Supplied entries:
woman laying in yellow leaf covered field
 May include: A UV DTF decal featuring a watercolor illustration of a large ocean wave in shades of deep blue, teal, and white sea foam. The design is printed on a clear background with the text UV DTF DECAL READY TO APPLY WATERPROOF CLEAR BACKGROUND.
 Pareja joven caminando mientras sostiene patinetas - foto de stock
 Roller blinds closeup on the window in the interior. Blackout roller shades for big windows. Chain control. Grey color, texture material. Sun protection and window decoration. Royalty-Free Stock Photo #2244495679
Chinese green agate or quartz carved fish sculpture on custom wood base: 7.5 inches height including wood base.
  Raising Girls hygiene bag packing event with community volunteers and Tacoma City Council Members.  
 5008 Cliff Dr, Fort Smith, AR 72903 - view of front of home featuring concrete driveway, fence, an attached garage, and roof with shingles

Your objective:
From the line that contains "Pareja joven caminando" to the last line of the material above, repeat every line exactly, keeping both the first and the last.

Exercise output:
 Pareja joven caminando mientras sostiene patinetas - foto de stock
 Roller blinds closeup on the window in the interior. Blackout roller shades for big windows. Chain control. Grey color, texture material. Sun protection and window decoration. Royalty-Free Stock Photo #2244495679
Chinese green agate or quartz carved fish sculpture on custom wood base: 7.5 inches height including wood base.
  Raising Girls hygiene bag packing event with community volunteers and Tacoma City Council Members.  
 5008 Cliff Dr, Fort Smith, AR 72903 - view of front of home featuring concrete driveway, fence, an attached garage, and roof with shingles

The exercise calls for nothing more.